▶ **What you will do**
The response must reproduce every record in full.

*** Opening Working data ***

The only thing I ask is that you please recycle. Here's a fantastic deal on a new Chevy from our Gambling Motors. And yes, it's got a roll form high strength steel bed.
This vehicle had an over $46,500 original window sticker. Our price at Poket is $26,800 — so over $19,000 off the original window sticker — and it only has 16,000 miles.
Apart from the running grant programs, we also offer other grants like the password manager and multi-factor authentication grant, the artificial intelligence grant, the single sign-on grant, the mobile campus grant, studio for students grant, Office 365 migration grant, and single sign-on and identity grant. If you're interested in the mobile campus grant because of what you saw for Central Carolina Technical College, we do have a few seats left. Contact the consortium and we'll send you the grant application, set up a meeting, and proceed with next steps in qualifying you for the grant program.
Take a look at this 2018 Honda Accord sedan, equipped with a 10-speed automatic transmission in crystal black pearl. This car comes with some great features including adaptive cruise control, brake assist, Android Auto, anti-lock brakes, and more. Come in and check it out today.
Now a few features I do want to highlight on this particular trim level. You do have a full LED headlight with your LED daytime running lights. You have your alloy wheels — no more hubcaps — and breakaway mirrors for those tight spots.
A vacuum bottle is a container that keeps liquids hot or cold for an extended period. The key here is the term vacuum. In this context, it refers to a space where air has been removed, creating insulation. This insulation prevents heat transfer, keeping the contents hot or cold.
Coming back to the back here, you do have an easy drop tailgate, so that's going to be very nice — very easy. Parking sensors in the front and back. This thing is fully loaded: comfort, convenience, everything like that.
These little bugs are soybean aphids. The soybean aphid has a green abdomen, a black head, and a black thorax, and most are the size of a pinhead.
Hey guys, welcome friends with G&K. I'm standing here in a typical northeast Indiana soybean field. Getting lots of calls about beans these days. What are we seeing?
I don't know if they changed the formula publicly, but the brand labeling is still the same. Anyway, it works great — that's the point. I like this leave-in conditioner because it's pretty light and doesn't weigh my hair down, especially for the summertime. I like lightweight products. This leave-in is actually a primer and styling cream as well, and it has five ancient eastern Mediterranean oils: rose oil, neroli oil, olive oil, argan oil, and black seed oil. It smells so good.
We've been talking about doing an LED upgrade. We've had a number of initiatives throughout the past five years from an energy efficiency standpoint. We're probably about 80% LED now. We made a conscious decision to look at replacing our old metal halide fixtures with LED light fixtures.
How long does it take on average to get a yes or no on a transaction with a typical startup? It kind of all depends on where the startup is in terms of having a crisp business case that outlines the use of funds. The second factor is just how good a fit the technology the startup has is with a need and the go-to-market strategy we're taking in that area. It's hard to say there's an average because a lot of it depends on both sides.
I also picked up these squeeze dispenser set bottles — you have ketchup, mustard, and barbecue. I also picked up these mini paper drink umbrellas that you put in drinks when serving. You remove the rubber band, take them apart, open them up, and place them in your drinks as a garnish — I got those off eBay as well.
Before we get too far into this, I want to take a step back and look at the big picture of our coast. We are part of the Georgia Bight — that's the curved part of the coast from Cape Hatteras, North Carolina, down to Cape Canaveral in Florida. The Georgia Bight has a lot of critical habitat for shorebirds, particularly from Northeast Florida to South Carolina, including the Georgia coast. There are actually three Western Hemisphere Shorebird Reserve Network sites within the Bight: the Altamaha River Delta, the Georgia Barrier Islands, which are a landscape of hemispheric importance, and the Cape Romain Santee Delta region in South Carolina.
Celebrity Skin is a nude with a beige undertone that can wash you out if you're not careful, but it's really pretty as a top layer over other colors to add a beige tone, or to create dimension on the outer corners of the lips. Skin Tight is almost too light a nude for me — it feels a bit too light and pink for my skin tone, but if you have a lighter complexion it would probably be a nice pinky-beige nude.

*** Closing Working data ***

▶ **Written response**
The only thing I ask is that you please recycle. Here's a fantastic deal on a new Chevy from our Gambling Motors. And yes, it's got a roll form high strength steel bed.
This vehicle had an over $46,500 original window sticker. Our price at Poket is $26,800 — so over $19,000 off the original window sticker — and it only has 16,000 miles.
Apart from the running grant programs, we also offer other grants like the password manager and multi-factor authentication grant, the artificial intelligence grant, the single sign-on grant, the mobile campus grant, studio for students grant, Office 365 migration grant, and single sign-on and identity grant. If you're interested in the mobile campus grant because of what you saw for Central Carolina Technical College, we do have a few seats left. Contact the consortium and we'll send you the grant application, set up a meeting, and proceed with next steps in qualifying you for the grant program.
Take a look at this 2018 Honda Accord sedan, equipped with a 10-speed automatic transmission in crystal black pearl. This car comes with some great features including adaptive cruise control, brake assist, Android Auto, anti-lock brakes, and more. Come in and check it out today.
Now a few features I do want to highlight on this particular trim level. You do have a full LED headlight with your LED daytime running lights. You have your alloy wheels — no more hubcaps — and breakaway mirrors for those tight spots.
A vacuum bottle is a container that keeps liquids hot or cold for an extended period. The key here is the term vacuum. In this context, it refers to a space where air has been removed, creating insulation. This insulation prevents heat transfer, keeping the contents hot or cold.
Coming back to the back here, you do have an easy drop tailgate, so that's going to be very nice — very easy. Parking sensors in the front and back. This thing is fully loaded: comfort, convenience, everything like that.
These little bugs are soybean aphids. The soybean aphid has a green abdomen, a black head, and a black thorax, and most are the size of a pinhead.
Hey guys, welcome friends with G&K. I'm standing here in a typical northeast Indiana soybean field. Getting lots of calls about beans these days. What are we seeing?
I don't know if they changed the formula publicly, but the brand labeling is still the same. Anyway, it works great — that's the point. I like this leave-in conditioner because it's pretty light and doesn't weigh my hair down, especially for the summertime. I like lightweight products. This leave-in is actually a primer and styling cream as well, and it has five ancient eastern Mediterranean oils: rose oil, neroli oil, olive oil, argan oil, and black seed oil. It smells so good.
We've been talking about doing an LED upgrade. We've had a number of initiatives throughout the past five years from an energy efficiency standpoint. We're probably about 80% LED now. We made a conscious decision to look at replacing our old metal halide fixtures with LED light fixtures.
How long does it take on average to get a yes or no on a transaction with a typical startup? It kind of all depends on where the startup is in terms of having a crisp business case that outlines the use of funds. The second factor is just how good a fit the technology the startup has is with a need and the go-to-market strategy we're taking in that area. It's hard to say there's an average because a lot of it depends on both sides.
I also picked up these squeeze dispenser set bottles — you have ketchup, mustard, and barbecue. I also picked up these mini paper drink umbrellas that you put in drinks when serving. You remove the rubber band, take them apart, open them up, and place them in your drinks as a garnish — I got those off eBay as well.
Before we get too far into this, I want to take a step back and look at the big picture of our coast. We are part of the Georgia Bight — that's the curved part of the coast from Cape Hatteras, North Carolina, down to Cape Canaveral in Florida. The Georgia Bight has a lot of critical habitat for shorebirds, particularly from Northeast Florida to South Carolina, including the Georgia coast. There are actually three Western Hemisphere Shorebird Reserve Network sites within the Bight: the Altamaha River Delta, the Georgia Barrier Islands, which are a landscape of hemispheric importance, and the Cape Romain Santee Delta region in South Carolina.
Celebrity Skin is a nude with a beige undertone that can wash you out if you're not careful, but it's really pretty as a top layer over other colors to add a beige tone, or to create dimension on the outer corners of the lips. Skin Tight is almost too light a nude for me — it feels a bit too light and pink for my skin tone, but if you have a lighter complexion it would probably be a nice pinky-beige nude.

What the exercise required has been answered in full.